“Restano loro, resto anch'io”

Immagine dell'Editoriale del parroco "Restano loro, resto anch'io"
Domenica, 28 Agosto, 2011

Segno bello di solidarietà di Benedetto XVI, seguito dal nostro qui a Salboro.

“Restano loro, resto anch'io”.
Il senso della battuta con la quale il Papa sorridente e imperturbabile, ha declinato sotto il diluvio di sabato notte ( n.d.r. 20 agosto 2011) a Quatro ventos, Madrid, la ragionevole proposta di attendere nel retropalco fino al termine della forte pioggia, riferito dal portavoce vaticano padre Lombardi, è la sintesi perfetta di un momento che resterà scolpito nel pontificato di Benedetto XVI e rivela il punto di svolta maturato a Madrid nel suo legame con giovani. Ma dentro l'immagine indimenticabile del Pontefice precariamente difeso da un muro di ombrelli che resiste dentro l'uragano di vento e pioggia, acclamato da un milione e mezzo di ragazzi zuppi e festanti, c'è anche molto di più.

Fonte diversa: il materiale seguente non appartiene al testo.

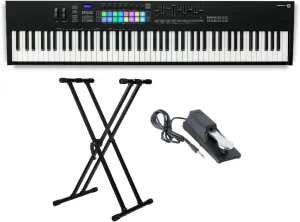Novation Launchkey MK3 88-Key USB MIDI Ableton Keyboard Controller Bundle with Keyboard Stand and Sustain Pedal (3 Items)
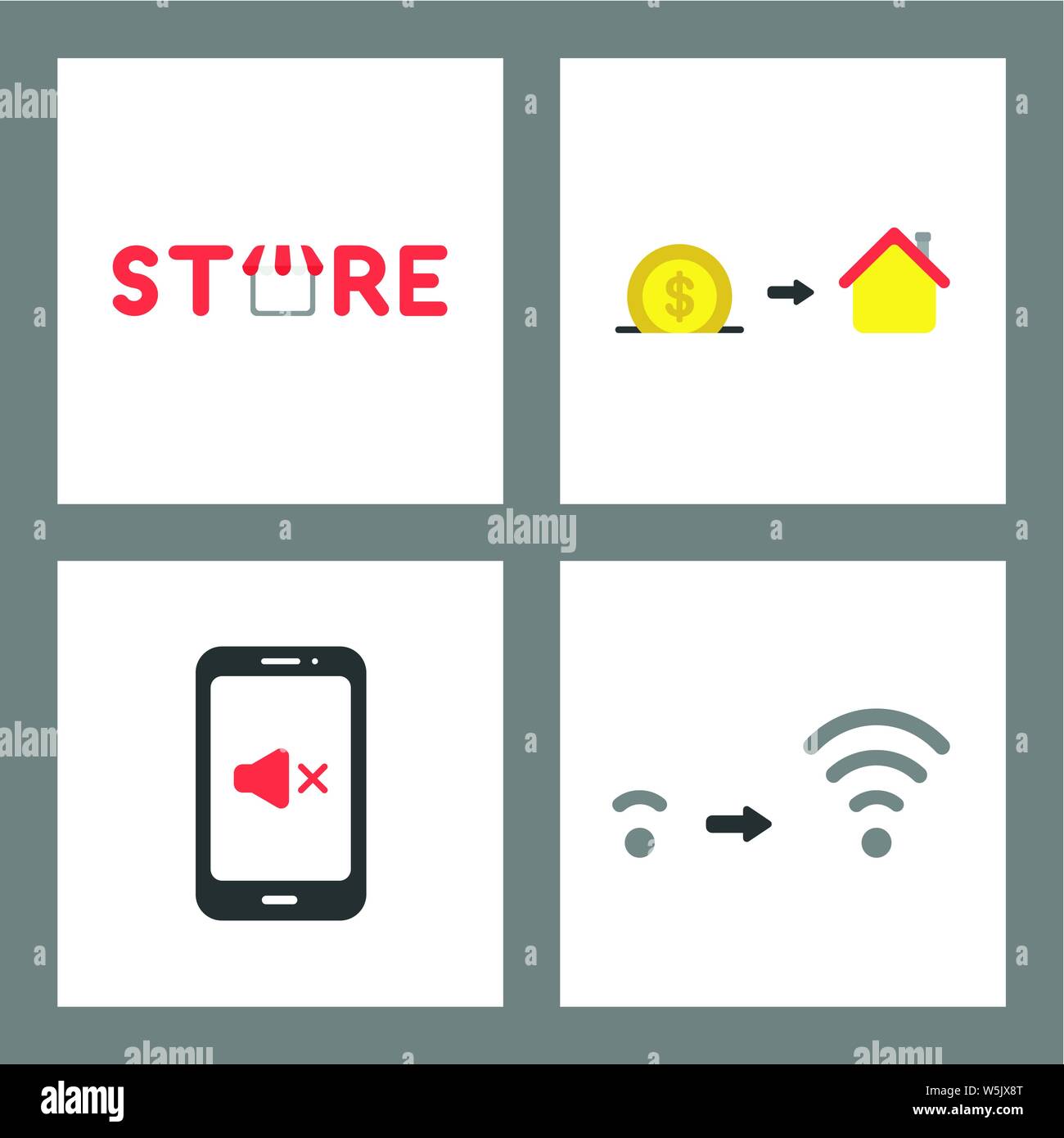Icône vecteur défini. concept Store, économiser de l'argent et acheter maison, smartphone sound off, augmentation du signal wifi. Illustration de Vecteur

Benedetto ha fatto suoi i giovani della 26^ Giornata mondiale della Gioventù a Madrid. E' il fratello Pietro che conferma nella fede i Giovani di oggi e mostra loro, nella sua umile e fragile presenza, il volto e il cuore della chiesa che sa dialogare con loro, contro un congiurare di circostanze ostili, quali l'economia in crisi, la cultura relativista, un mondo adulto inaffidabile, il dilagare di nuove ideologie utilitariste e scettiche, tutto legno fradicio e inservibile a chi vuole dare una casa ai propri sogni. (cfr. Editoriale Avvenire del 23 agosto 2011).

C'è stato l'incontro storico dei giovani “dal cuore aperto” di oggi con il Cristo risorto, che si fa pellegrino sulla via di Emmaus per dare il senso vero alla vita e mostrare la missione di “protagonisti” per rendere questo mondo più giusto, fraterno, solidale e aperto alla vita. Benedetto XVI, i Giovani e tutti i battezzati, dentro la stessa Barca, che non ha paura del vento e della tempesta, perché Lui è sempre presente fino alla fine di questo pellegrinaggio dell'umanità (cfr.Mt.28,20) verso la pienezza, quando Dio sarà tutto in tutti (cfr.1^ Cor. 15,28).

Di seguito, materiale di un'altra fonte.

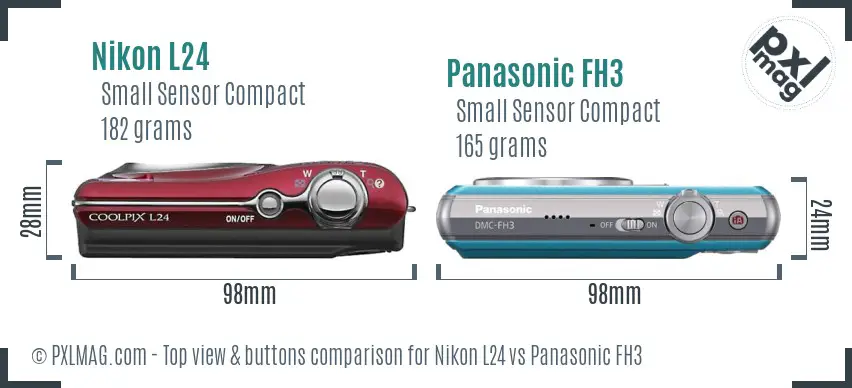 Nikon L24 vs Panasonic FH3 top view buttons comparison Nikon L24 vs Panasonic FH3 top view buttons comparison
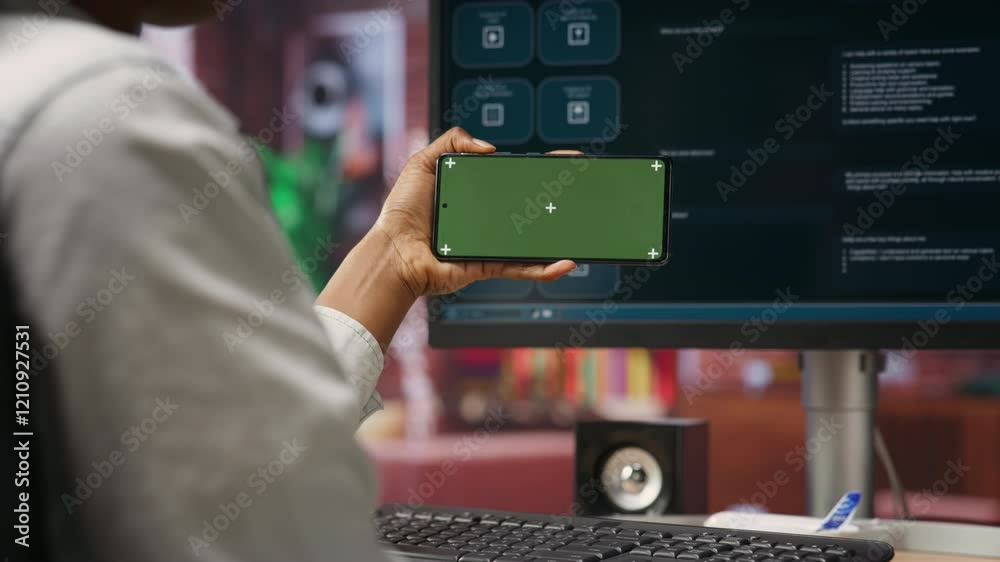Poster woman using green screen smartphone to learn how to use ai llm chatbot on computer screen in home of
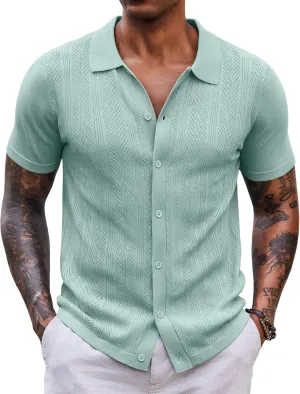 COOFANDY Mens Knit Button Down Shirts Short Sleeve Vintage Polo Shirt Casual Vacation Beach Shirts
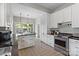 Bright kitchen features white cabinetry, stainless steel appliances, and an island with a dark countertop at 506 Clement Ave, Charlotte, NC 28204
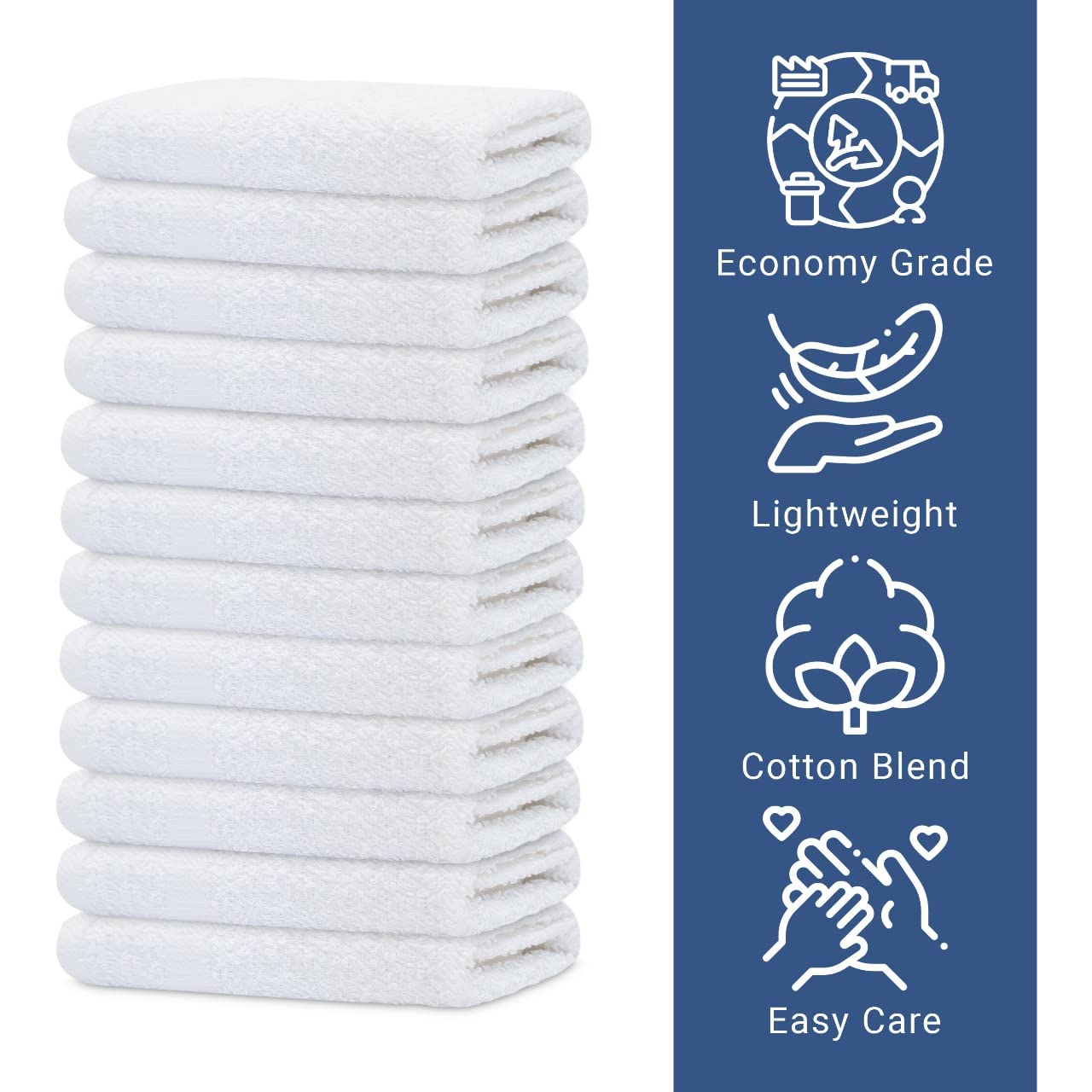 Cotton Washcloth Set 12x12 Kitchen Cleaning Cloths Commercial Grade Towels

E Noi? La stessa sensibilità l'abbiamo manifestata anche noi, in questi giorni di Sagra patronale. Quanta solidarietà, quanta gioia, quanta “dolce fatica” per giorni più belli, nella nostra comunità, nel nostro vicariato, nel nostro territorio!

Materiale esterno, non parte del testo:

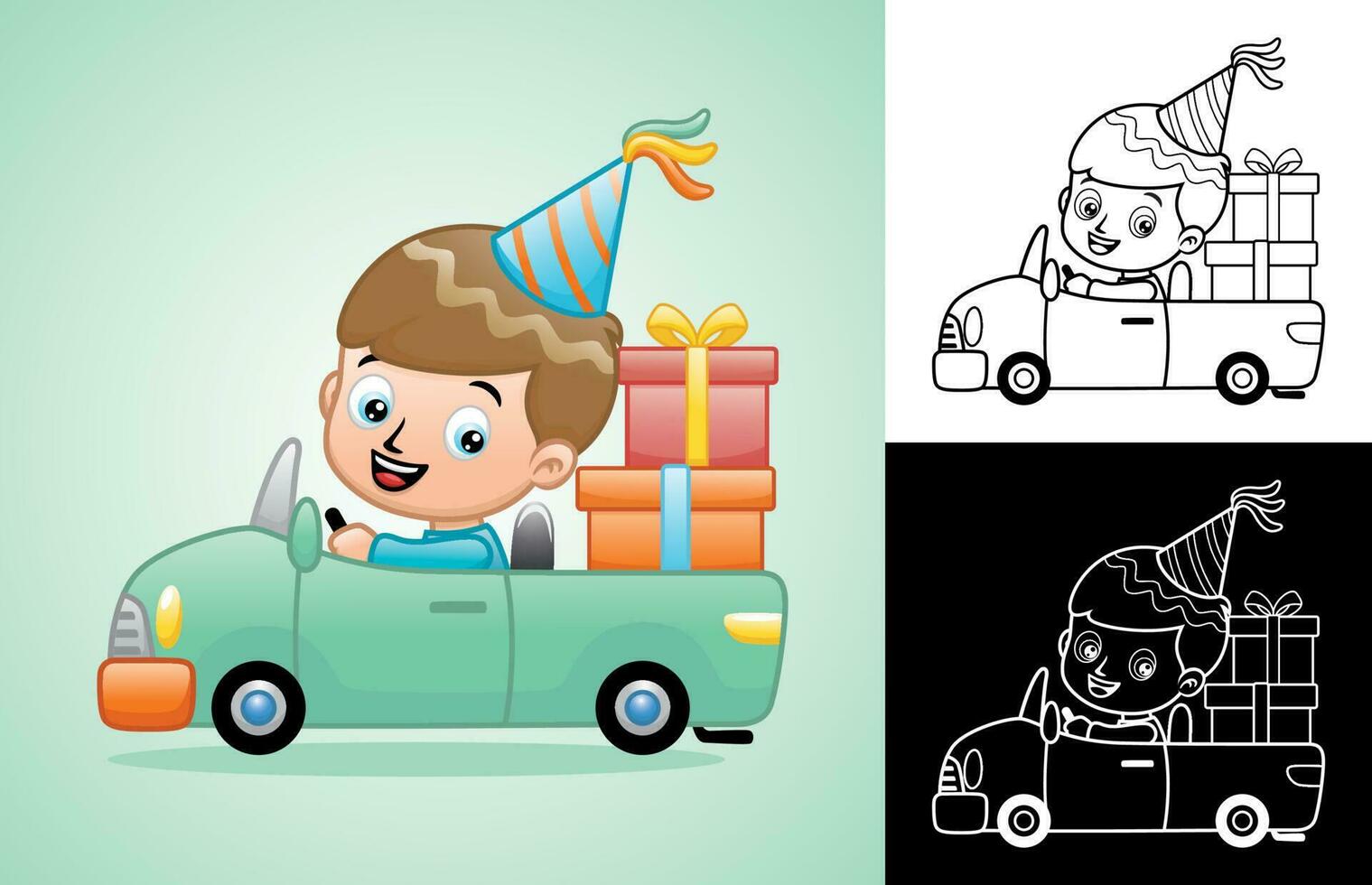 Vector cartoon of little boy wearing cone hat driving car carrying gifts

GRAZIE, Signore, per la tua presenza; Grazie, fratelli e sorelle che avete partecipato alla liturgia, avete faticato e grondato sudore per la festa; Grazie a voi tutti della Comunità che vi siete fatti presenti o avete pregato o avete offerto la vostra sofferenza per il buon esito della festa; Grazie a tutti coloro che per amicizia o per tradizione, o per novità si sono resi presenti, arrivando da altre comunità.
E' stata la festa dell'incontro, dei canti, dei colori e della brezza notturna, segno di una comunità che vuole diventare sempre più grembo che genera alla fede.

La Vergine Assunta in cielo ci renda capaci di camminare sempre con lo sguardo rivolto al cielo, trasformando questa terra, che calpestiamo, in un paradiso terrestre, profezia di quello celeste.